Information

══════════════════════════════

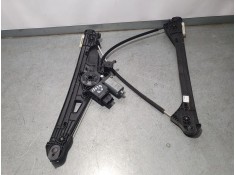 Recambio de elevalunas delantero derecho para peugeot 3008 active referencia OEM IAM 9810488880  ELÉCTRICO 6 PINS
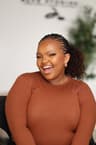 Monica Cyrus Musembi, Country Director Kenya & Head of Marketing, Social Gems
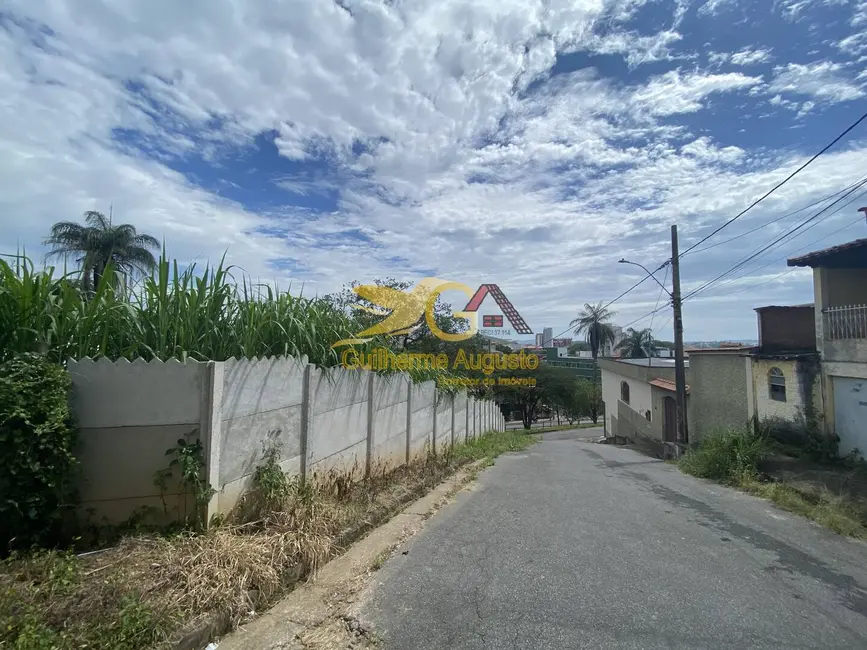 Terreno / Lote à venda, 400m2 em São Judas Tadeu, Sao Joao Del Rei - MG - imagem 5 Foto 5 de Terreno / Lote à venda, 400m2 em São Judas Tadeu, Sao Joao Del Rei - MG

══════════════════════════════

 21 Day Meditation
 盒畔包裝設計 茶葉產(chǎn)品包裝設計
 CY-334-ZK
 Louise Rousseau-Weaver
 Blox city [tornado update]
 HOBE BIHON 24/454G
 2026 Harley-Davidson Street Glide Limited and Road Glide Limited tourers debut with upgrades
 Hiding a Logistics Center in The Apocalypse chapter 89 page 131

══════════════════════════════

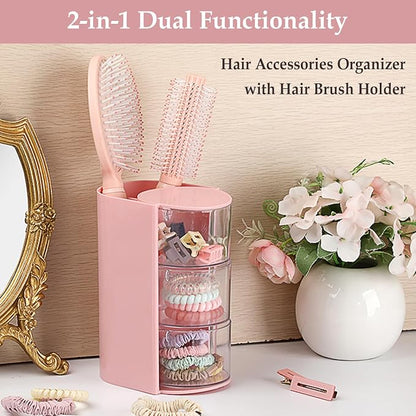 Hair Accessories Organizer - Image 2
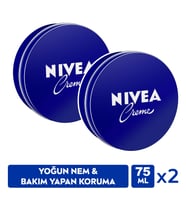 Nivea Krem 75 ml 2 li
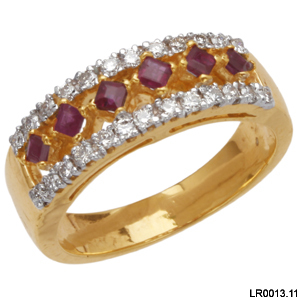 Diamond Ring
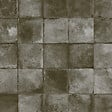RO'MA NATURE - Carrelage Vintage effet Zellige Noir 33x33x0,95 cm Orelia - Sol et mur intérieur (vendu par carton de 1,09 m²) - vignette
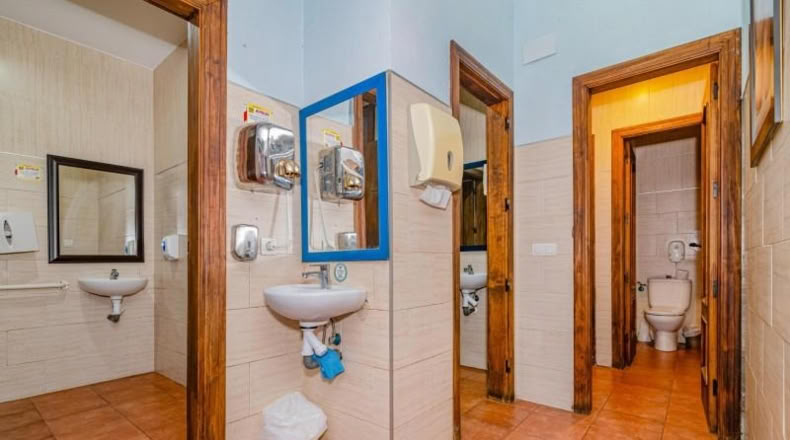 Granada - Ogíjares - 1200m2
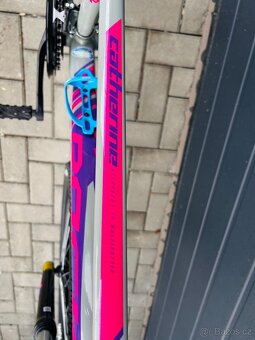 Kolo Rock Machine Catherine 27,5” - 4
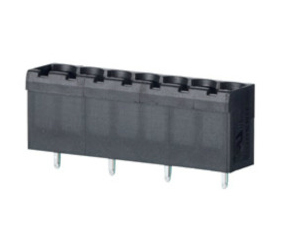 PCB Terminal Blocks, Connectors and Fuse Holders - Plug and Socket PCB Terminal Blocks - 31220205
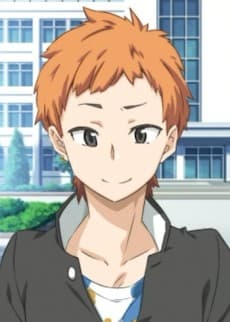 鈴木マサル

══════════════════════════════

Using the entries above, write out exactly the lines from the one with "Hair Accessories Organizer - Image 2" through the one with "Kolo Rock Machine", ends included. Leave out any pictures.

Problem solution
 Hair Accessories Organizer - Image 2
 Nivea Krem 75 ml 2 li
 Diamond Ring
RO'MA NATURE - Carrelage Vintage effet Zellige Noir 33x33x0,95 cm Orelia - Sol et mur intérieur (vendu par carton de 1,09 m²) - vignette
 Granada - Ogíjares - 1200m2
 Kolo Rock Machine Catherine 27,5” - 4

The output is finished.